Weekly Feature

2017-08-09 / Local News

County executive submits shared services plan

Poloncarz Poloncarz County Executive Mark Poloncarz has submitted the Erie County Shared Services Savings Panel’s Plan to the County Legislature, a cost-savings proposal that could annually save taxpayers millions of dollars if specific initiatives are implemented.

The plan was compiled after gathering input and suggestions from a shared services panel that consisted of county officials and the mayors and supervisors of the three cities, 25 towns and 16 villages that make up Erie County, the release from Poloncarz’s office said.

“The process of working closely with our many partners in government to identify potential sharing of services and elimination of duplicative services initiatives began in mid-May and, through our combined efforts, resulted in 22 initiatives that could reduce the overall property tax levy by nearly five million dollars,” Poloncarz said in the release.

“Additionally, nine other initiatives were identified that could save millions more if these proposals bear fruit. While these anticipated savings do not measure up to the numerous consolidations, cooperative efforts and shared services that have previously taken place in our region, this plan contains entirely new initiatives that, if implemented, will reduce the size of government and be beneficial to our entire community.”

The savings plan was drafted as part of the new Shared Services Initiative law that was passed as part of the 2017-18 state budget. Each county in New York had to establish a shared services panel as part of a statewide effort to generate property tax saving by facilitating operational collaboration between local governments.

The plan includes suggested shared services involving storm sewer maintenance, animal control services, engineering work, purchasing procedures and services that provide programming for senior citizens, recreation opportunities for children and sharing highway equipment, the release said.

New York state law had established a tight timeline for the work to be completed.

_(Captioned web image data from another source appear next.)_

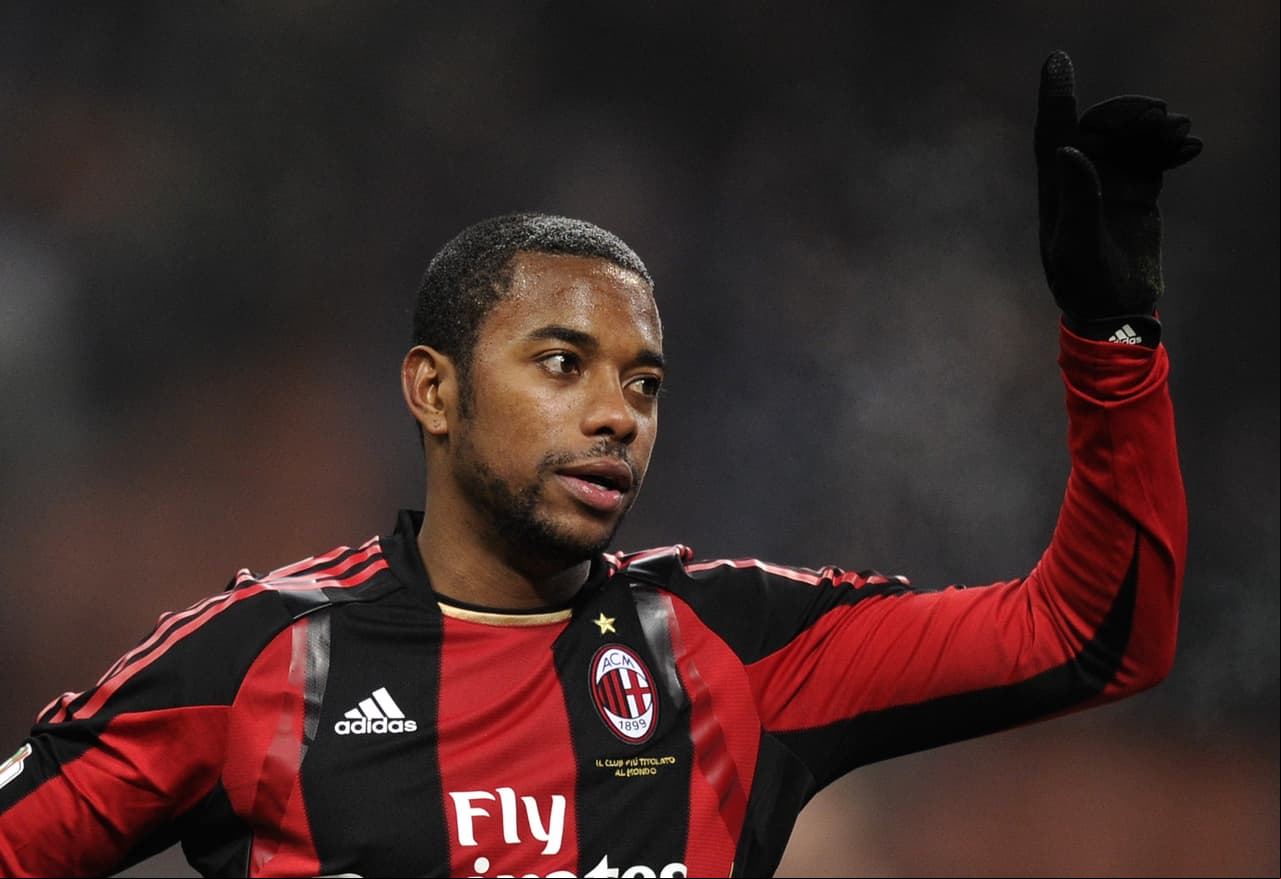 Robinho, luego de iniciar la etapa de crecimiento del Manchester City, pasó al A.C. Milan el 31 de agosto de 2010 por 18 millones de euros.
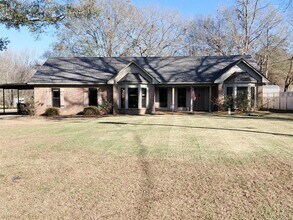 5740 Jane Rd in Millbrook, AL - Building Photo - Building Photo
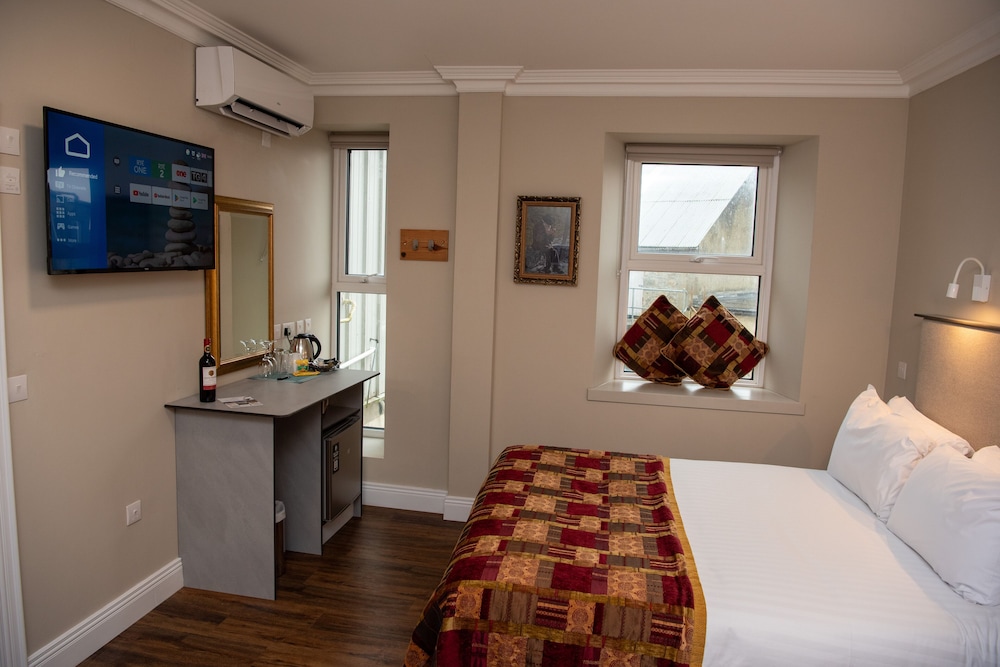 Donegal House — 4-Star Luxury Hotel in Donegal, Republic of Ireland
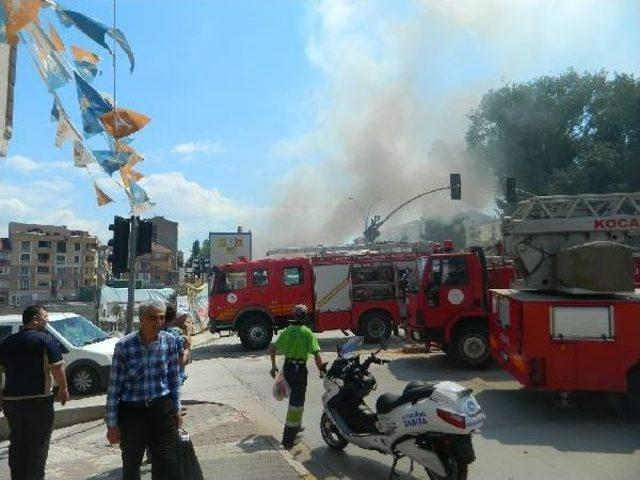 Elyaf Depolarındaki Yangın E-130'u Ulaşıma Kapattı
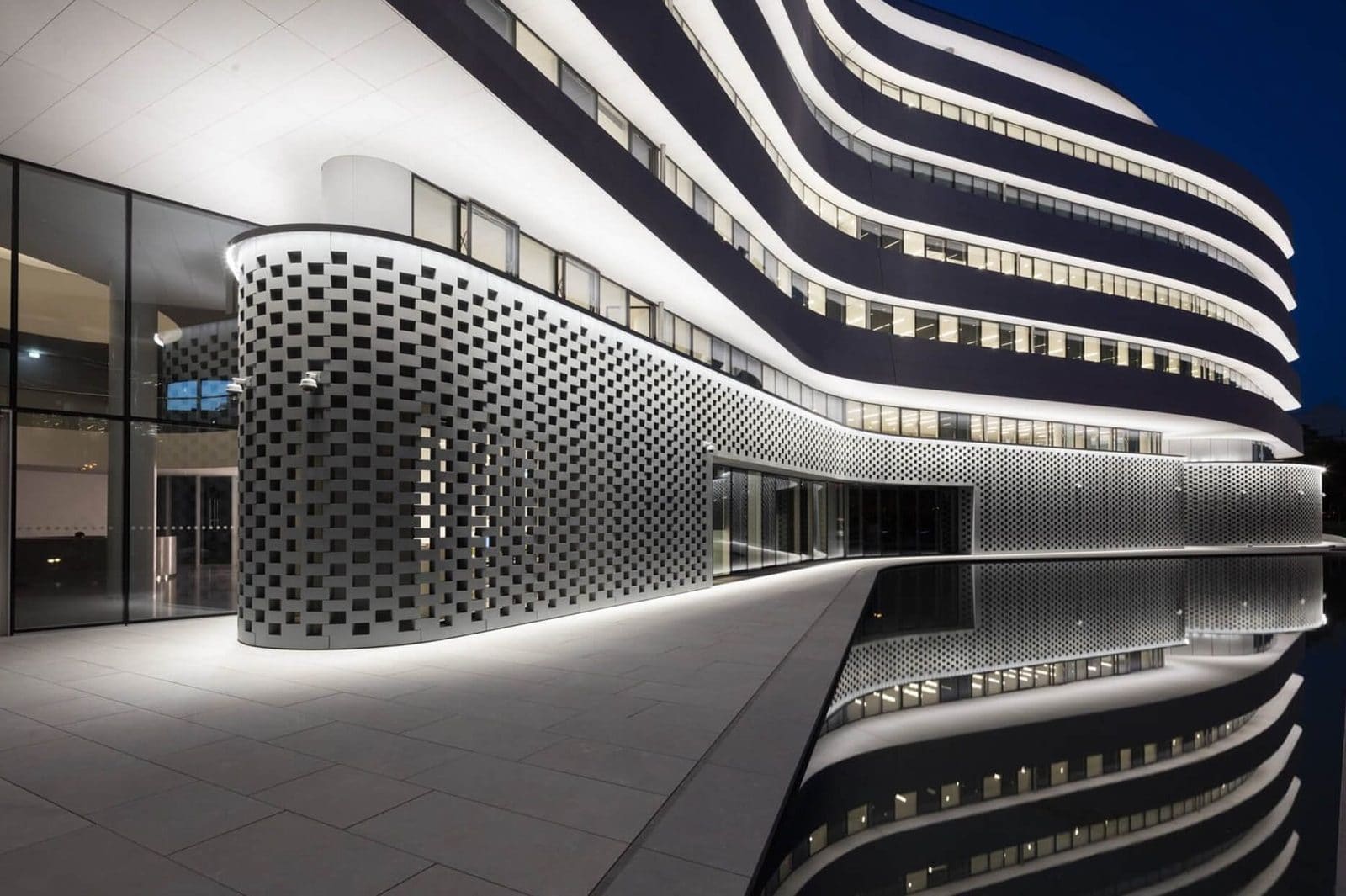 Modern office lighting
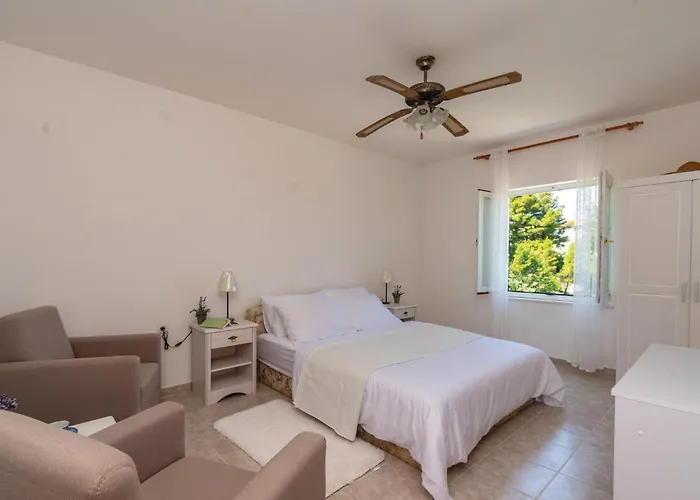 Amazing In With Wifi 펜션 Blato (Korcula)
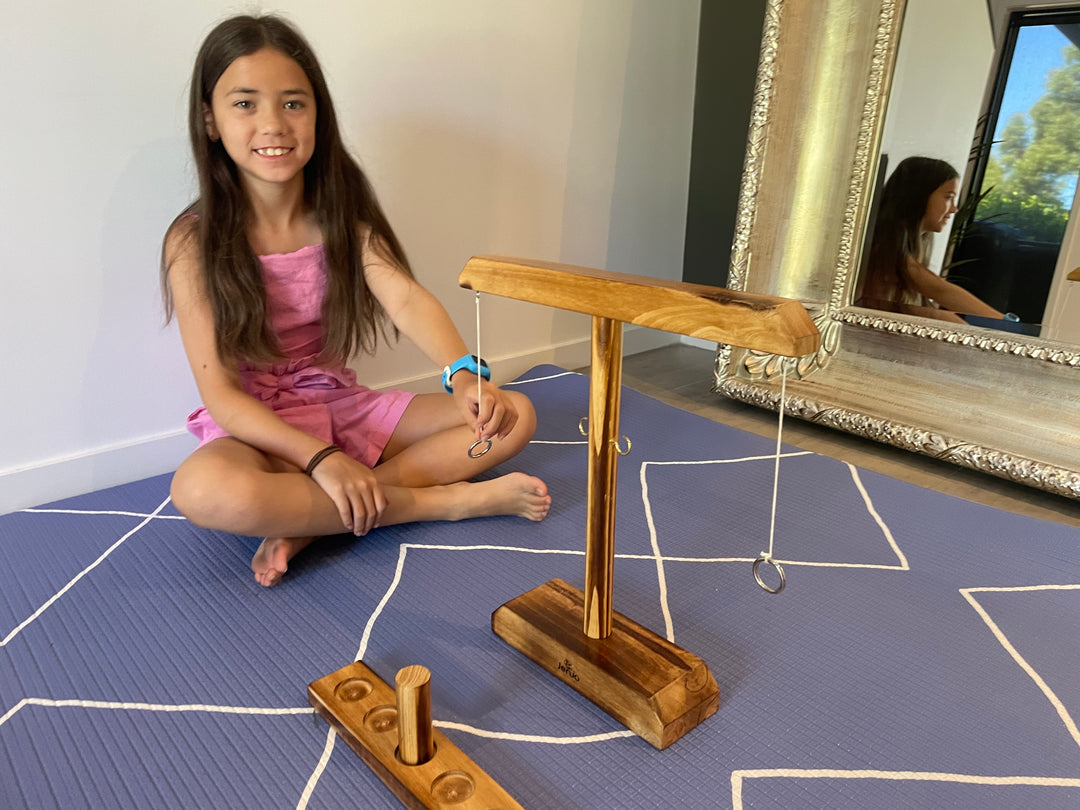 Hook & Ring Toss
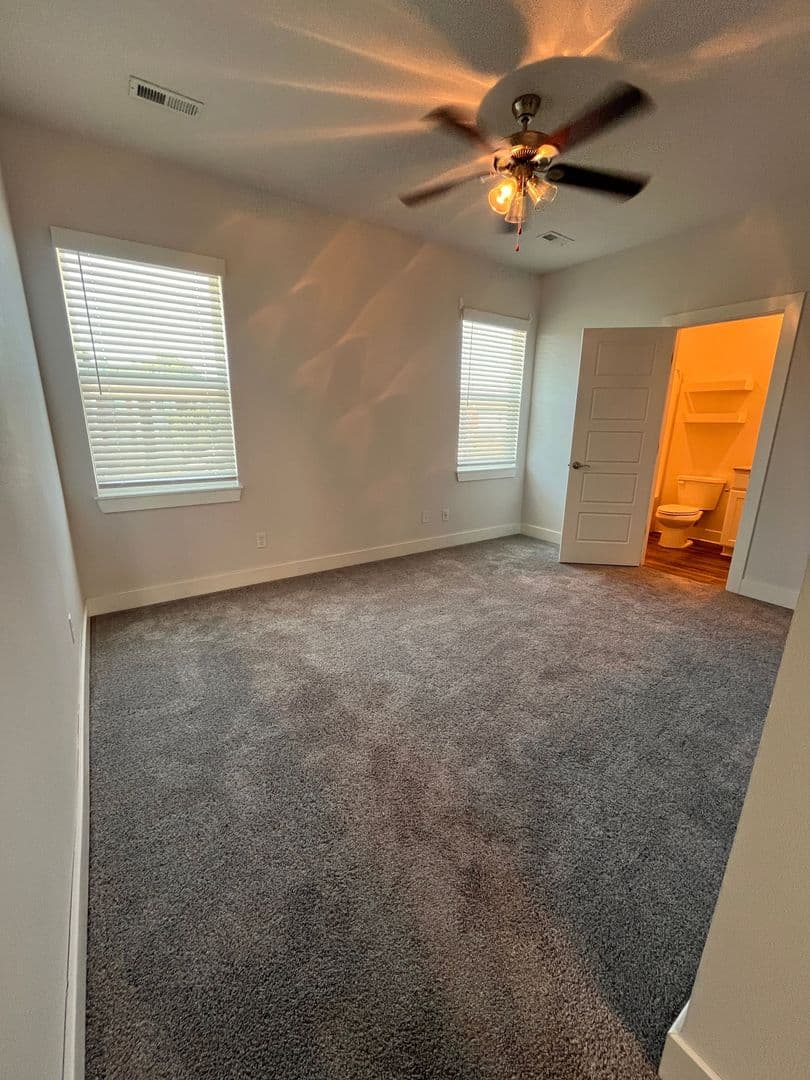 Springfield Apartment: 540 S. Kickapoo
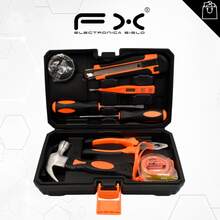 Kit de herramientas, herramientas de decoración del hogar para almacenamiento y almacenamiento, kit: - cinta eléctrica, martillo, tornillos, pinzas y cinta métrica, - tornillos horizontales y transversales, - pluma de prueba de voltaje. Herramientas de reparación de decoración del hogar, equipos de cocina, herramientas de reparación y accesorios, herramientas están hechas de acero al carbono para una ventaja aplastante y duradera, diseño funcional del cuerpo humano, caja de plástico negro para almacenamiento y transporte, caja de herramientas de hardware de almacenamiento. Caja de herramientas para la decoración del hogar, herramienta de tornillos: caja de herramientas con múltiples cabezas de reemplazo. - Modelo regular - Ver 8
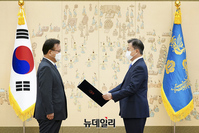 [포토] 김부겸 신임 국무총리에 임명장 수여하는 文대통령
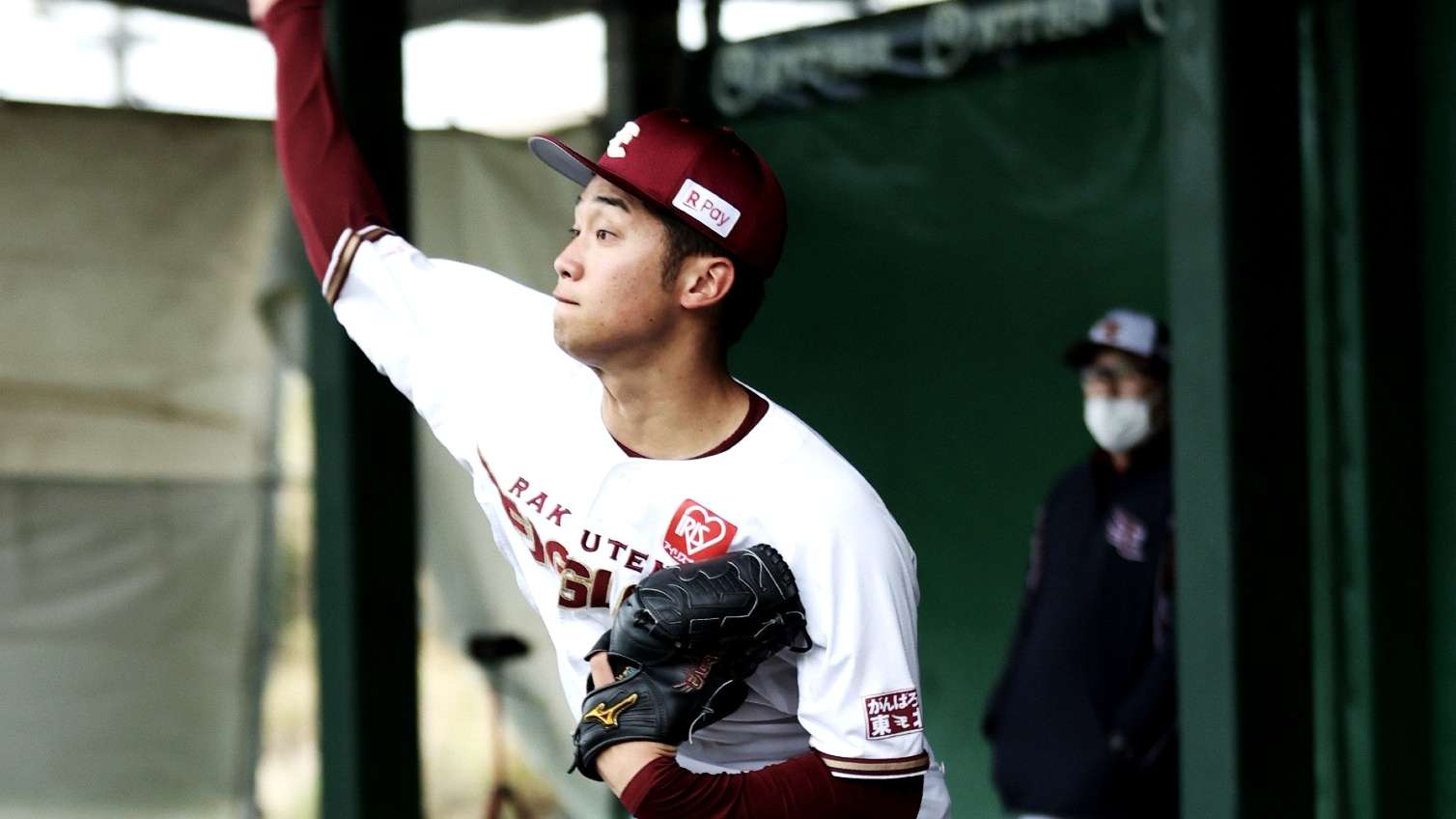 東北楽天ゴールデンイーグルスが弓削隼人、小峯新陸、水上桂、ウレーニャの新背番号を発表 | プロ野球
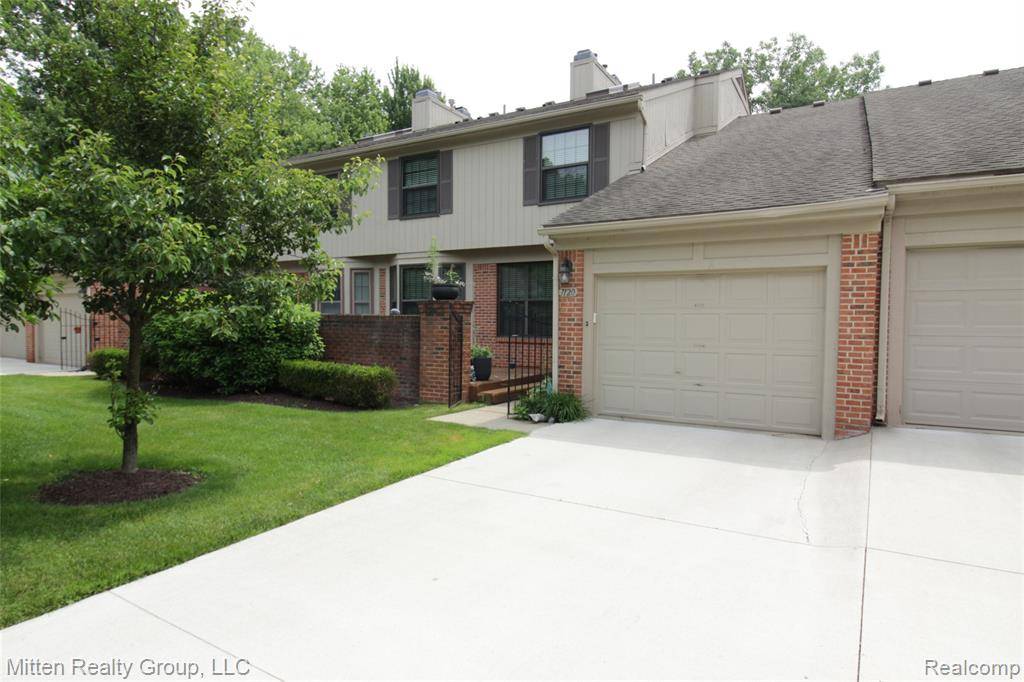 7120 Nottingham Court, West Bloomfield Twp, MI 48322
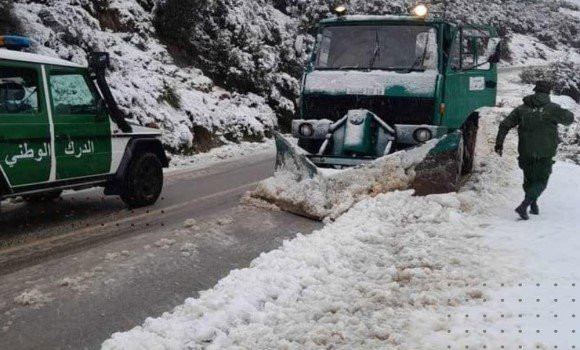 Intempéries: poursuite des opérations de réouverture des routes bloquées par la neige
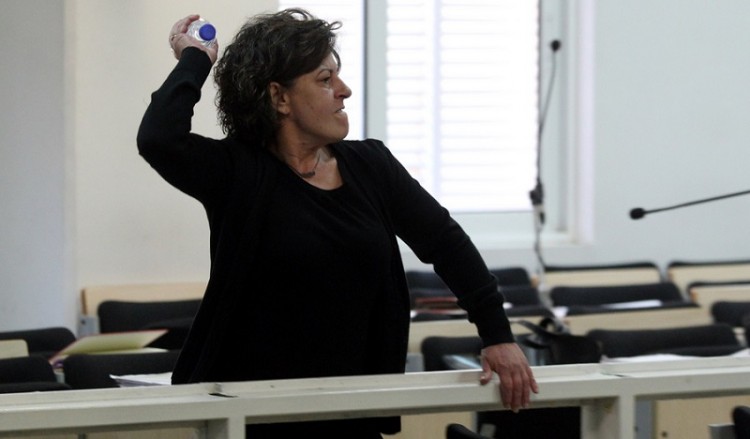 Ξέσπασμα της Μάγδας Φύσσα – Πέταξε μπουκάλι στον Ρουπακιά (φωτο)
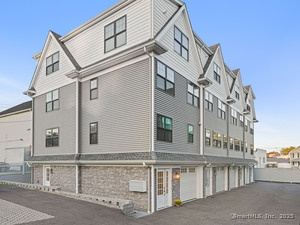 Homes for sale in Fairfield, CT | 21 Beaumont St #21, Fairfield, CT 06824 | MLS# 24143146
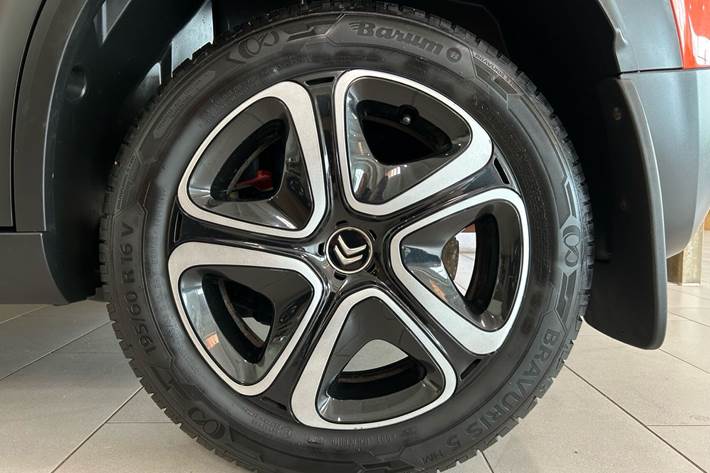 Orange Citroën C3 Aircross fra 2017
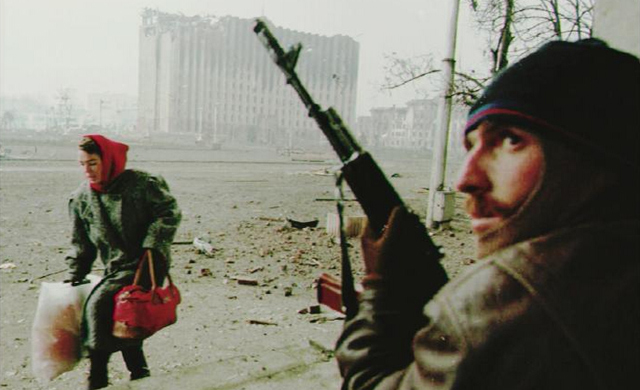 चेचन्या की राजधानी ग्रॉज़्नी में सड़क पर उतरे लोग (तस्वीर-एपी)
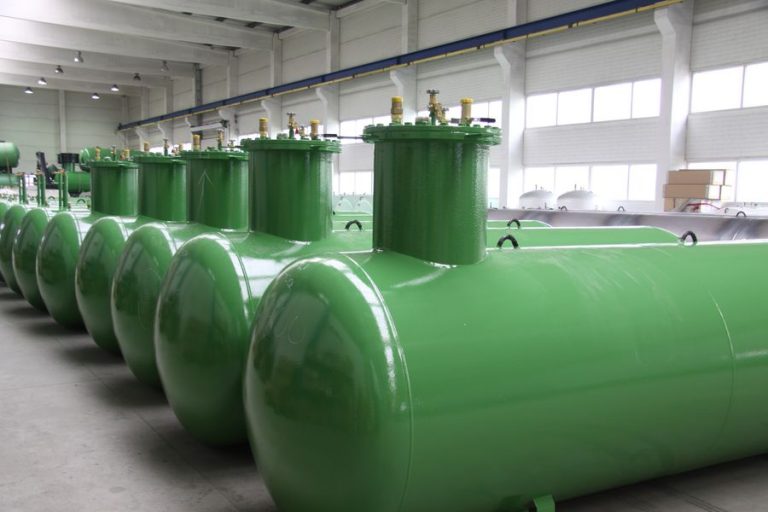 UNDERGROUND LPG STORAGE TANKS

The potential cost-saving ideas and plans were subject to three public hearings held earlier this summer. The proposed plan was presented to the legislature on July 31 for its comment, but not its approval, pursuant to state law.

If any comments are provided by the legislature, the Shared Services Panel will vote whether to accept or reject the final plan by no later than Friday, Sept. 15.

The final plan’s tax savings must be certified by the county executive to the state’s Budget Office by mid-September. The plan would then be publicly presented in October.

In May, the towns of Clarence and Lancaster entered into a formal agreement that will allow Lancaster to send compost materials to Clarence at its composting facility at 6185 Goodrich Road. The contract between the two towns will end Dec. 31, 2018, after which there will be an option to extend the term on a yearly basis, if both parties agree.

Clarence Supervisor Pat Casilio noted that the town would choose to opt out of several initiatives proposed by the county unless such plans could provide definitive numbers that would prove to be economically viable for the town.